COVID Fight Needs Balance Between Health and Economy
Senator the Hon. Mathias Cormann
Minister for Finance
Leader of the Government in the Senate
Senator for Western Australia
The coronavirus pandemic continues to have a devastating impact all around the world, including here in Australia.
COVID-19 is an awful, highly contagious virus, harming lives and livelihoods.
We are all working hard to protect people’s health and save lives as well as save and protect livelihoods.
Governments making decisions on this must strike an important balance.
Yes, we must prioritise public health. Where economic restrictions help protect people’s health and save lives, we should not hesitate to impose them.
However, we must not gratuitously impose unnecessary and avoidable economic or social harm for no or very little public health upside.
Governments around Australia were forced to impose significant economic restrictions earlier this year. We knew that would cause economic harm, that businesses would struggle to survive, too many would fail and jobs would be lost.
As difficult as that was, our collective health mission justified the economic sacrifices we imposed on businesses and households all around Australia.
As a country we were overwhelmingly successful in ‘flattening the curve’ as a result of those efforts.
Once suppression was achieved it was incumbent on us to ease restrictions as soon as that could be done COVID-safely, so businesses could get back to business, jobs could get restored, new jobs created and families get back to normal and rebuild.
Which brings me to the issue of State border closures.
Of course we support strictly isolating COVID-19 problem areas like those in Victoria. Yes, that should be done using all the available tools and powers of government, state and federal working together.
Whether in WA or other parts of Australia, none of us would want people from areas experiencing outbreaks of community transmission to travel freely into our local areas.
That’s not a justification for indiscriminate state border closures towards all other jurisdictions.
Except for Victoria and NSW, all other States and Territories are in as good or better a position on COVID-19 than WA. There is no community transmission in any of those other jurisdictions. As of Monday, there were just 7 active cases (appropriately detected in quarantine) in the whole of Queensland, 2 in South Australia and just one in Tasmania, the Northern Territory and the Australian Capital Territory.
If not now, when would our State government restore people’s rights to do business and engage freely with people in those parts of Australia? To not allow this now in relation to jurisdictions with very low numbers of active cases and no community transmission is costing jobs and keeping families separated for no reason.
A local WA exporting business recently purchased a multi-million dollar piece of equipment required to deliver products into South East Asia. It is sitting idle because the WA Government is refusing to grant permission to the SA based technicians with the exclusive Australian rights to sell and set up the equipment to enter WA. Overseas customers will be lost, possibly forever. Why, when SA has been without local community transmission consistently for longer and has fewer cases than WA.
Our Commonwealth Chief Medical Officer has consistently said that there is no public health reason for indiscriminate state border closures.
In the Federal Court on Monday WA’s own Chief Health Officer made the same point. According to him there is a less than one per cent chance of the virus re-entering WA whether our state border is closed to all or if it was opened to those States with a similar coronavirus profile as WA.
Given that evidence how can our State government possibly justify imposing ongoing economic harm, job losses and inconvenience on WA businesses and households, restricting interaction with those jurisdictions? It is plainly not a proportionate response.
We also want to bring the AFL Grand Final to Perth. It would be a great economic and psychological boost to our State. Ours is the best stadium for it given Melbourne cannot possibly do it in current circumstances. AFL players have been based in Queensland or WA and have been regularly tested. Why on earth would we wreck our chances of hosting a Grand Final by insisting on hotel quarantine for AFL players who will have spent 10 weeks straight in Queensland, a State at least as COVID-Safe as WA if not more?
The Premier has said that the High Court Challenge against his state border closure must stop.
The Australian Government did not commence these proceedings. Our intervention is to assist the Court with these important constitutional questions, not to back individual litigants. The High Court expects the Commonwealth to intervene in these types of significant constitutional matters. When the Commonwealth does, it will always put a legal view supported by our experts.

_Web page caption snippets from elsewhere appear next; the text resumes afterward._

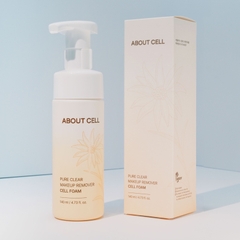 About Cell Pure Clear Makeup Remover Cell Foam Bọt Rửa Mặt 140ml (CTY)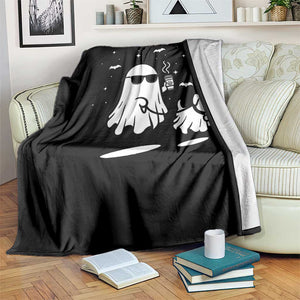 Halloween Ghost Dog Throw Blanket Retro Spooky Season Boo Sheet TS10 Print Your Wear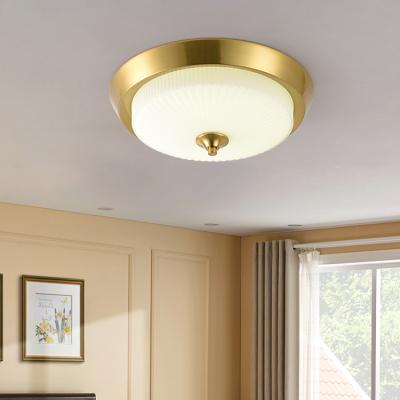 China Vintage Simple Decoration Outdoor Mounted Home Lighting Modern Design Gold Round Led Ceiling Light for sale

Further, we live in a democracy where all governments as well as its citizens are subject to the rule of law. There are limits and appropriate checks and balances on government power. Individual citizens have the right to bring a claim where they believe their rights have been taken from them by a government in an alleged breach of our Constitution. In our democratic system of government, the Commonwealth cannot simply cancel legal proceedings that have been validly brought on.
There is an appropriate balance to be struck by the McGowan government, protecting the health of West Australians as well as protecting current jobs and not standing in the way of the strongest possible jobs recovery in WA.
Keep working with us to prevent people from infected areas coming to WA, but also work with us in maximising business, trade and job opportunities for West Australians and all Australians where that clearly can be done in a way that is COVID-Safe.